Blowing B.C.’s carbon bank
Uncounted greenhouse gas emissions from provincial forests are now almost as high as BC’s official emissions
In December 2011, the international community meets in Durban, South Africa for the next important United Nations climate change summit. With greenhouse gas emissions continuing to increase, there is little time left to reduce carbon dioxide levels in the atmosphere before global warming produces catastrophic consequences. If global warming passes dangerous tipping points, forest ecosystems in different parts of the world will be at uncontrollable risk of die-off, fires, pests and other forms of breakdown with further release of carbon storage. Efforts to reduce CO2 emissions from all sources require urgent action.
One of the few areas where progress appears possible in the short term are efforts to reduce emissions from forest loss and destructive logging practices. Countries that harbour large forested areas must swiftly implement land use policies that maintain and increase carbon storage capacity and protect species habitat that is under increasing pressure due to climate change. British Columbia can and must be a leader in this undertaking.
Globally, deforestation contributes approximately 20 per cent to greenhouse gas emissions. B.C.’s temperate rainforests are among the ecosystems with the highest carbon storage per hectare on the planet and they continue to sequester carbon. Fires and pests, which can cause huge releases of carbon dioxide in other forest types, are rare in coastal forests. Clear-cutting temperate old-growth rainforests causes massive loss of carbon storage and the ability to recover the carbon stores is limited for hundreds of years.

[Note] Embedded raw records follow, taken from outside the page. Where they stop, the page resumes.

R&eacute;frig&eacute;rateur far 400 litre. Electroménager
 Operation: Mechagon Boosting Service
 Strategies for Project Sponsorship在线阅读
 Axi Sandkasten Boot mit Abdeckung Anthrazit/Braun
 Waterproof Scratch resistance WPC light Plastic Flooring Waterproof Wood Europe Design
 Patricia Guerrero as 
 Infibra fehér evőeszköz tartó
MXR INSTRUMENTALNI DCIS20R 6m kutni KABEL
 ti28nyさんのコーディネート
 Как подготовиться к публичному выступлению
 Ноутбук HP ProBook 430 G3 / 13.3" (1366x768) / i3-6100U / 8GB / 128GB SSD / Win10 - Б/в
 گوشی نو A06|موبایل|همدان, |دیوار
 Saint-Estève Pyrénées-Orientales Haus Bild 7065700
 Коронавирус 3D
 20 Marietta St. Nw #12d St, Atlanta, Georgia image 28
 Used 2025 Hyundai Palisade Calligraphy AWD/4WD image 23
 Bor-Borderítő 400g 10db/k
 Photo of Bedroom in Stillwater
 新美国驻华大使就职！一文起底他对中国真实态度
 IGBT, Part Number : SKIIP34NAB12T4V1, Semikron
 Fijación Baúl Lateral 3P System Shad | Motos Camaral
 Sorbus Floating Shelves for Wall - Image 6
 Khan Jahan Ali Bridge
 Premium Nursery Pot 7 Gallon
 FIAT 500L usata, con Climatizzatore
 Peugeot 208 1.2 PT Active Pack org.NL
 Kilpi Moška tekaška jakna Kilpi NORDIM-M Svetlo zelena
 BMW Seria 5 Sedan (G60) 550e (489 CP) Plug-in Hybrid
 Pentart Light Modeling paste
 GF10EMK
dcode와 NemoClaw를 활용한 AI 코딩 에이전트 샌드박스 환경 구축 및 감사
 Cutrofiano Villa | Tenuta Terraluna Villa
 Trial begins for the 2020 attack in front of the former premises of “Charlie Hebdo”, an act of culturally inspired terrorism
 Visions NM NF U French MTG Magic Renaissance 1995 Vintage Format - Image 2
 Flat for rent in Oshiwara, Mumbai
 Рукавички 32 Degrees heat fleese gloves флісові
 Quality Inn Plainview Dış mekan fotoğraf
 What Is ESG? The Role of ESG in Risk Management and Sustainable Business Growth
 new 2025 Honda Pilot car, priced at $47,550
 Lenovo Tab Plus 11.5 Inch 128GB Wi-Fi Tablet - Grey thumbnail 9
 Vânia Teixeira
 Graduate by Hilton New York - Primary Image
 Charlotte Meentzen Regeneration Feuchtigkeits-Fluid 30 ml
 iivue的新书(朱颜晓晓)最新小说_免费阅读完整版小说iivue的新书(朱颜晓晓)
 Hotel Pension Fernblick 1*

Yet despite massive and increasing emissions from B.C.’s forests these are not counted as part of our official emissions and buried as “memo items” in the provincial greenhouse gas emissions reports. Recent provincial data shows that net emissions from forestlands were 63 million tonnes of carbon dioxide in 2009, more than double the 2008 net emissions. Counting these emissions would almost double the official provincial greenhouse gas emissions of 2009 (67 million tonnes).
Until a decade ago, B.C.’s forests were a carbon sink and sequestered approximately half of the official provincial emissions. With the outbreak of the Mountain Pine Beetle infestation our forest turned from sink to source. However, a closer look at provincial data shows how destructive logging practices contribute to huge carbon losses. The 2010 provincial report showed that net emissions from forest lands were mainly caused by logging (55 million tonnes, with only a small portion stored in wood products for a longer period of time).
The report also distinguished between emissions from the Pacific Maritime and other ecozones of BC. The data showed that approximately half of the emissions were released in the Pacific Maritime Ecozone, where emissions are mainly caused due to logging and not significantly influenced by the Mountain Pine Beetle outbreak or forest fires.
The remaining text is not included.